Su copa fue menguando a una velocidad vertiginosa - por lo menos comparada con mi taza de café. Apenas me di cuenta de que el hombre ya se estaba yendo. “Jairo, apúntamelas a la cuenta,” le dijo al tendero mientras metía unas monedas en la máquina de tabaco y se preparaba para salir a la calle con un centro de gravedad inquieto. “Todo bien Yony,” y se despidieron, cada uno alzando el dedo pulgar y guiñando el ojo. Yo terminé mi café, leí el periódico y salí contento: todos los días se aprende algo nuevo.

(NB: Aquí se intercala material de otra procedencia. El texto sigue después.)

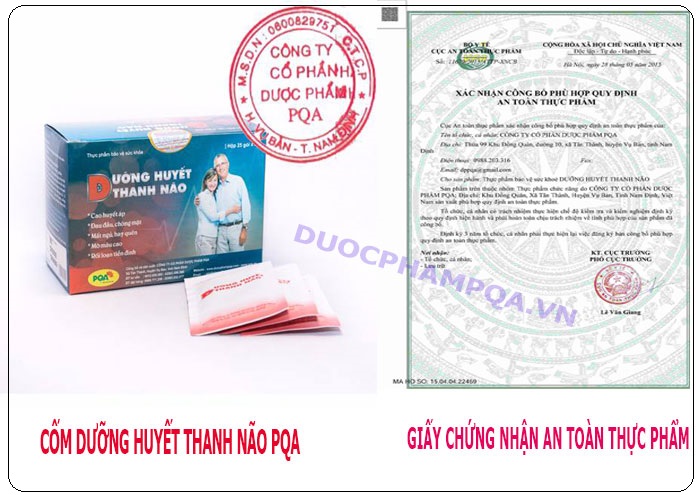 Dược phẩm PQA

sábado, 7 de noviembre de 2009

El Peche y su piel contintental


Las manos le sudan después de cada cigarrillo. Ahora los pega él, saca el cuero del librillo, le pone un poco de tabaco cargado de humedad (a veces le viene la imagen de un vello púbico), lo enrolla y lo lame con delicadeza antes de encenderlo. Antes no era así.
Antes fumaba cigarrillos sin filtro (aunque a los de enrollar tampoco les pone), ya armados y empacados. Un hombre de facciones angulosas y nariz aguileña con una corona de plumas presentaba el paquete. Encima: “pielroja”. También en cada uno de los cigarrillos, ovalados y con el papel dulzón, está impresa su imagen en una tinta azul ligero.
En ese antes, los pielroja comenzaban a salir de un segundo plano en el espacio tabacalero nacional. Una generación de jóvenes fumadores le daba ímpetus a ese producto autóctono. No solo por ser baratos – ni tampoco por proveer de papel de fumar a quienes se quisieran pegar un porro, un calillo, un barillo, un bareto, un cacho, o la palabra que se quiera para nombrar un cigarrillo de marihuana en ese país en donde los librillos de papel no estaban tan a la mano como un paquete de pielroja o uno de sus individuos sueltos, vendidos al detal en cualquier tienda de barrio o por los vendedores ambulantes. No solo por eso ni por su sabor: detrás del éxito del pielroja había también un componente simbólico, y eso lo pensó más tarde.
Más tarde. Ahora.
Antes de terminar su cigarrillo, recostado en un poste de una ciudad europea, él llega a ver a dos personas distintas vistiendo camisetas con el logo del pielroja; y los paseantes le dan para el recuerdo: un primo suyo, también colombiano, unos cuantos años menor que él, vino a visitarlo hace cuatro veranos y tenía dos camisetas así, una con fondo negro, blanco el de la otra. El primo éste no fuma – de hecho odia el tabaco – pero en los últimos años la imagen del pielroja se ha fundido en el colage de identidad nacional colombiana, y al primo éste le gusta desplegarla.
Ya tiró la colillita puntuda, las manos le comienzan a sudar, la imagen del indio le ronda la cabeza. Vuelve al trabajo preguntándose las causas de esa fama, el asenso del peche (mote familiar para el pielroja) a un estatus de ícono patrio. Y las respuestas le llueven desde lugares opuestos: que desde finales de los noventa la Philip Morris estaba moviendo hilos para valorizar al peche en el imaginario colectivo de los jóvenes fumadores y así tener una buena base consumidora al comprar coltabaco; o que eso es un absurdo, porque el imaginario colectivo no es algo tan maleable, y el peche se disparó hacia el cielo de la colombianidad porque pielroja no es indio gringo sino piel-roja, indio Americano, desde los Inuit hasta los Araucanos, substrato que resiste a ser tapado, ícono de resistencia… y así, entre respuestas contradictorias, el fumador vuelve con sus manos sudorosas a terminar su jornada.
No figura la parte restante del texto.